Picobit with serial console

I added some I2C primitives, and to do this I wrote a few helpers to access vectors from Chibios. Then I though: I need a simple way to test this, so I added support for Serial over USB. This didn't work, and when the micro-controller crashed. it took the Linux USB driver with it, and I had to reboot. That precludes using the debugger - since it connects via USB too.

So now I have a double defence: The micro-controller dev board is connected to the raspberry pi via USB, and also via serial: the pi has a 3.3V serial port which is perfect for this. You can read some instructions here. You don't have to reboot though: just do

$ sudo init q

instead to get init to reload it's configuration.

If I have to reboot the pi to get USB access back that will be OK, but using the serial port makes that unlikely anyway.

I still haven't used the debugger. My problem turned out to be a cut and paste error: Picobit passes arguments to primitives in 4 global variables. This makes sense: these variables can easily be included in the roots for the GC, so GC is safe inside primitives. It is, however, a great fault injection vector.

Through all of this, I keep getting tripped over by the broken Makefile: I'll make a change to a primitive, or change a setting, and either the relevant files won't get built early enough for the compiler to use them, or Racket will have compiled the old one and ignore the changes anyway. I've replaced gen.config.rkt with a command line option: --code-start to set the code start address. I'd really like a module system, so I can do away with the gen.library.scm and gen.primitives.rkt.

Tony Garnock Jones, an ex college of mine at LShift is now at Northeastern university. It sounds like he shares an office with one of the Picobit authors too.
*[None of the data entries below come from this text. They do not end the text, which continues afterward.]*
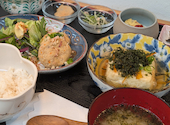 シマカラ食堂: たまっちさんの2026年05月04日の3枚目の投稿写真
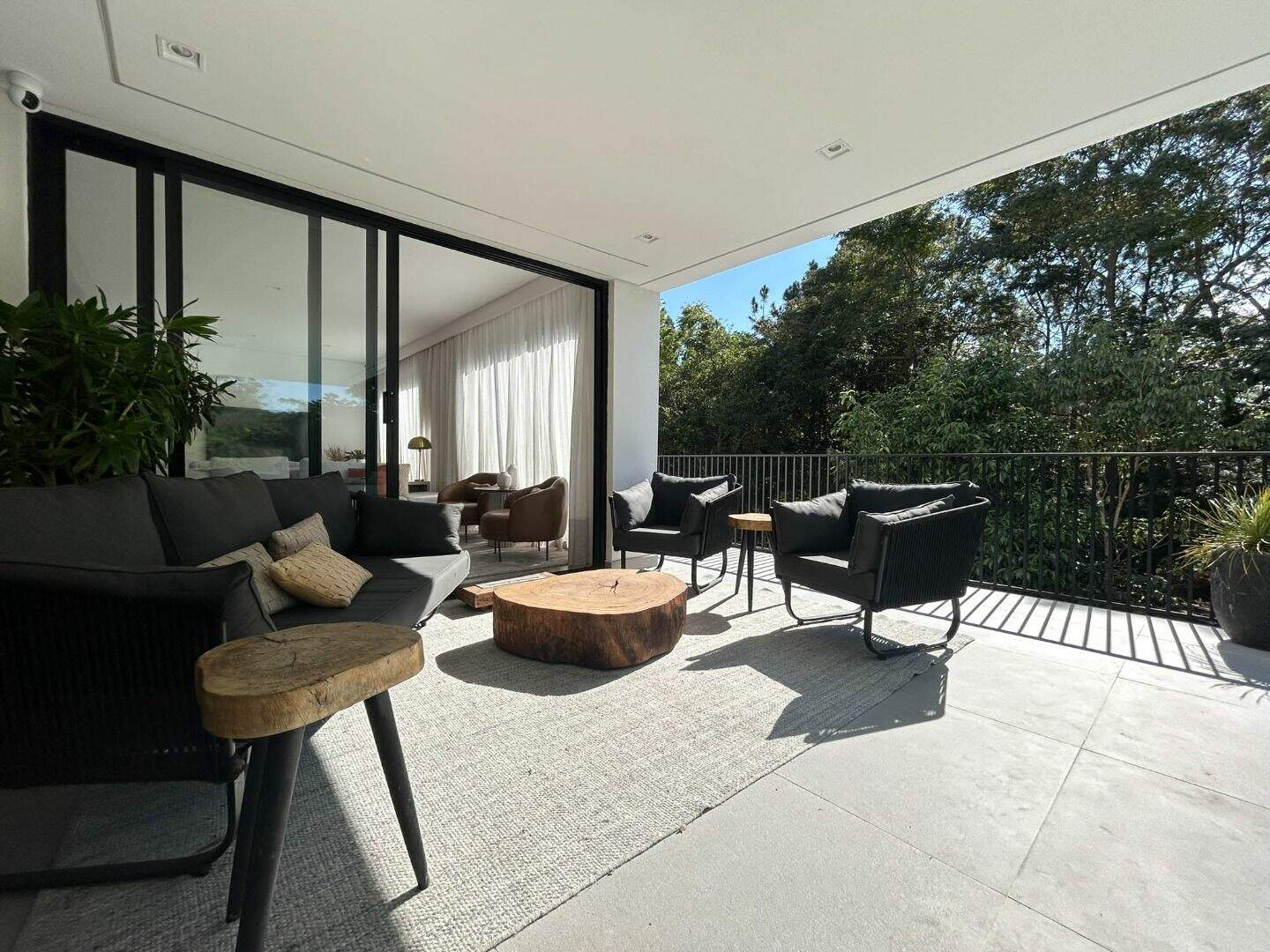 Casa no Condomínio Villas do Golfe, em Itu disponível para à venda | Grupo Kaion: 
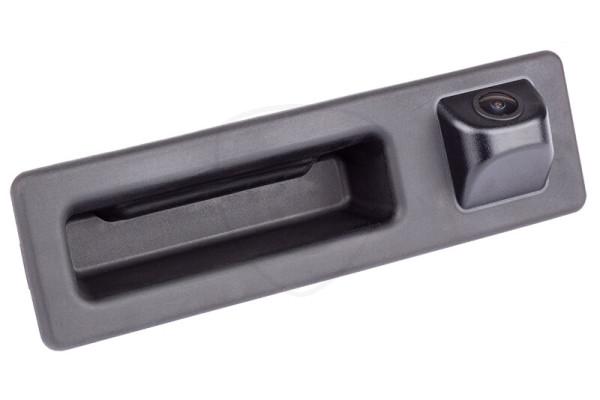 Kamera za vožnju unatrag u ručki BMW serija 5 (F10, F11), X3 (F25, F30), 2006, 2007, 2008, 2009, 2010, 2011, 2012, 2013, 2014, 2015, 2016, 2017, 2018, 2019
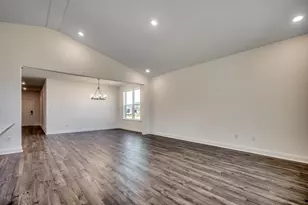 608 Canborough Ln, Murrells Inlet, SC 29576 - Photo 19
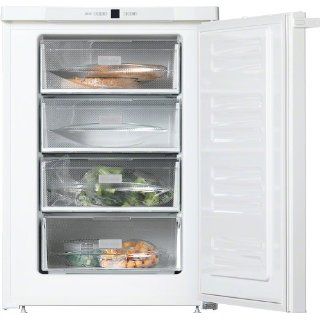 Miele F 12020 S 3 Mini Gefrierschrank / A+++ / Gefrieren 104 L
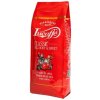 Lucaffé Classic zrnková káva 1 kg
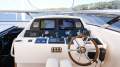 Sunseeker 34M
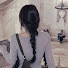 j_EGYQKA9bA-channel-avatar-Ngọc Lành Audio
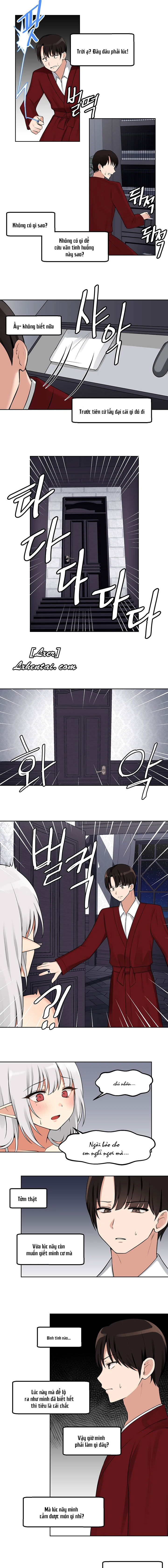 nang-elf-thich-bao-dam-chap-1-11 integer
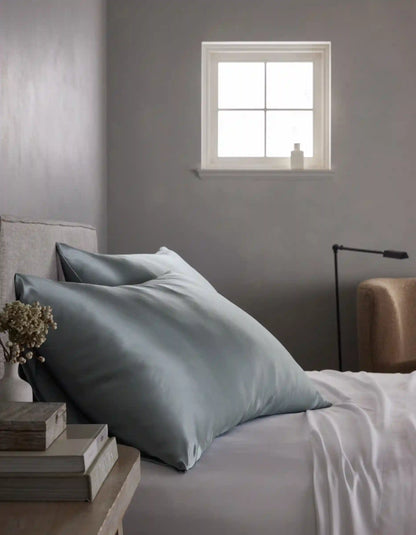 Silk Pillowcase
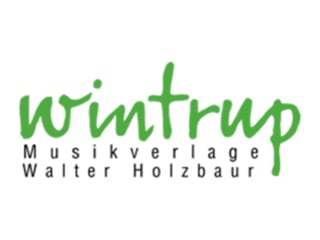 Wintrup Musikverlag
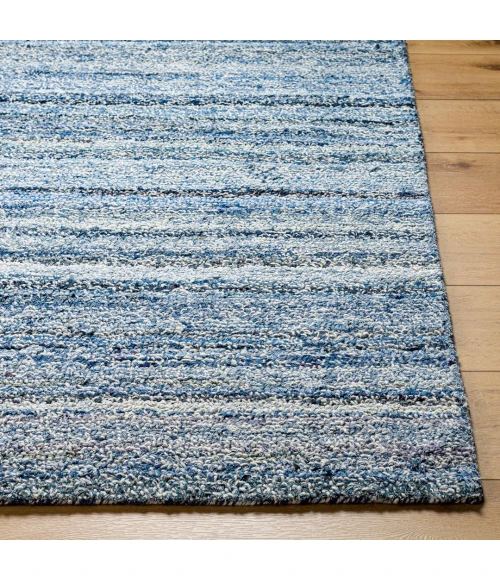 Surya Zola ZOL-3000-8x11 rug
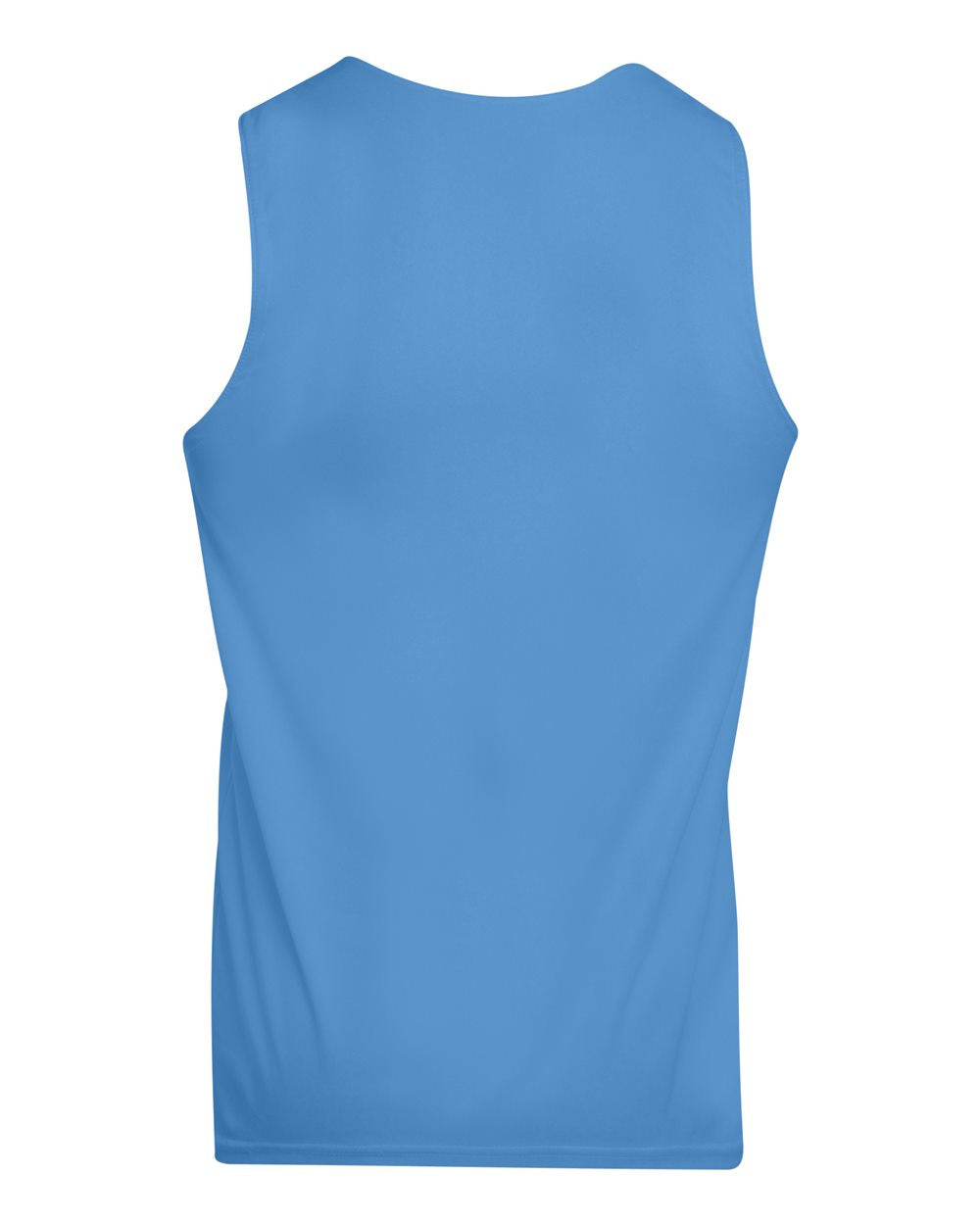 #color_Columbia Blue/ White
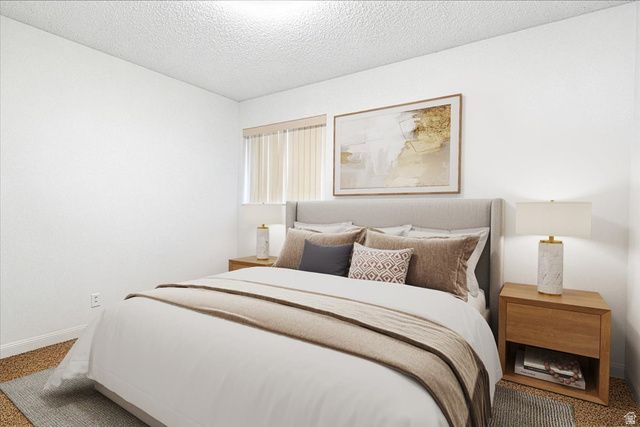 605 E 11TH AVE, Salt Lake City, UT 84103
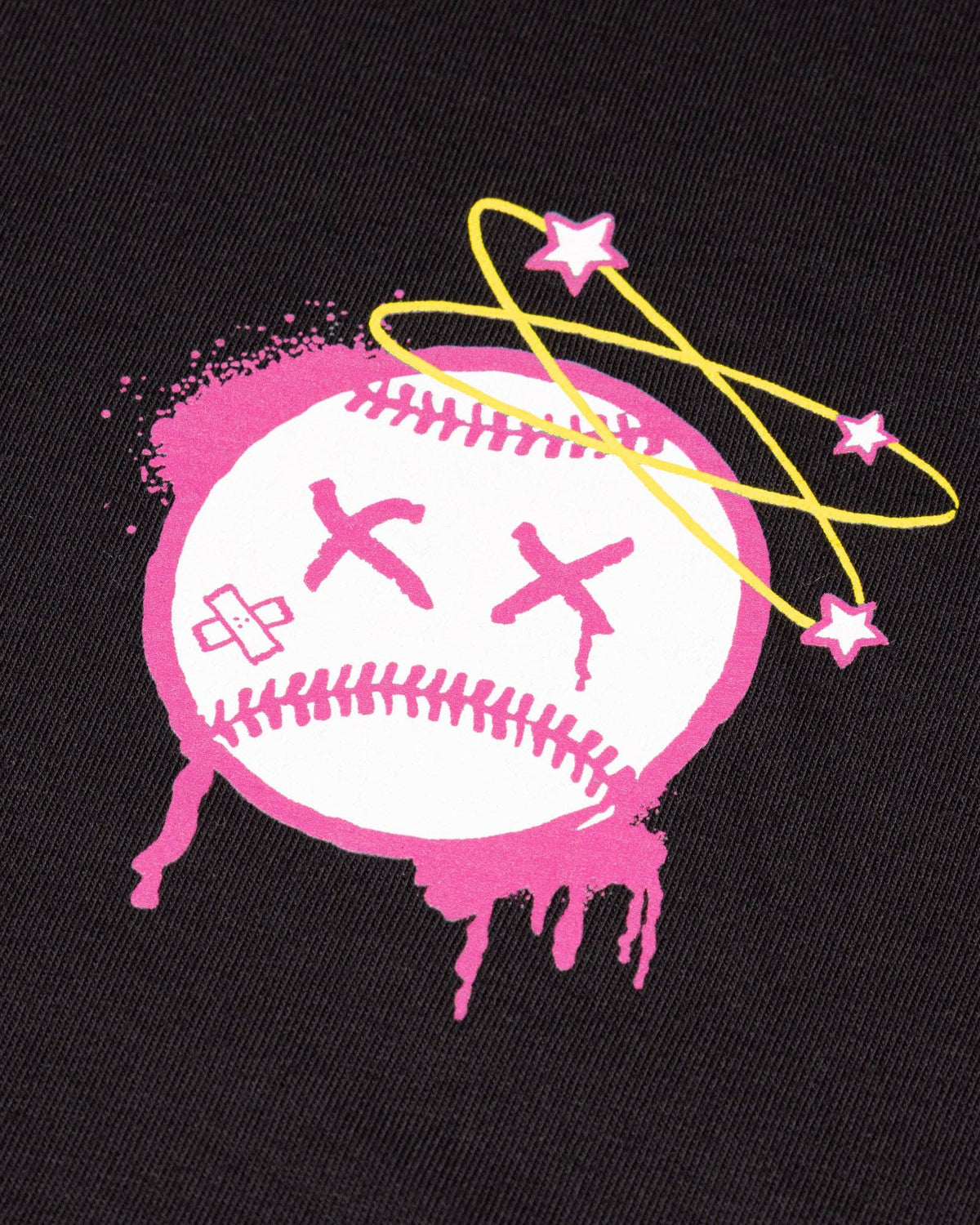 Bad Day T-Shirt - Youth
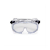 Additional image #6 for Sellstrom S81200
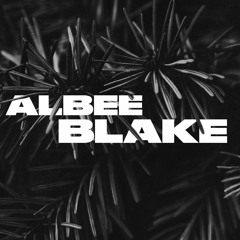 Albee Blake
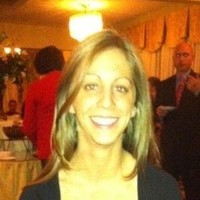 Danielle Sweet Email & Phone Number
I know of p-syntax from SISC, but Tony suggested I use Racket #lang, which looks very interesting indeed. I might turn the Picobit compiler into a Racket back end.

I've found Source-to-Source compilation in Racket, and the example Magnolisp matches my use case in that I want Racket to implement modules for me.

I don't know if I should dive into this now or try writing some scheme to talk to the real time clock. I want parametrized modules, so for example I can create an instance of the TinyRTC module with the second I2C controller as a parameter, and then create and instance of SRFI-19 using my TinyRTC instance to get actual dates.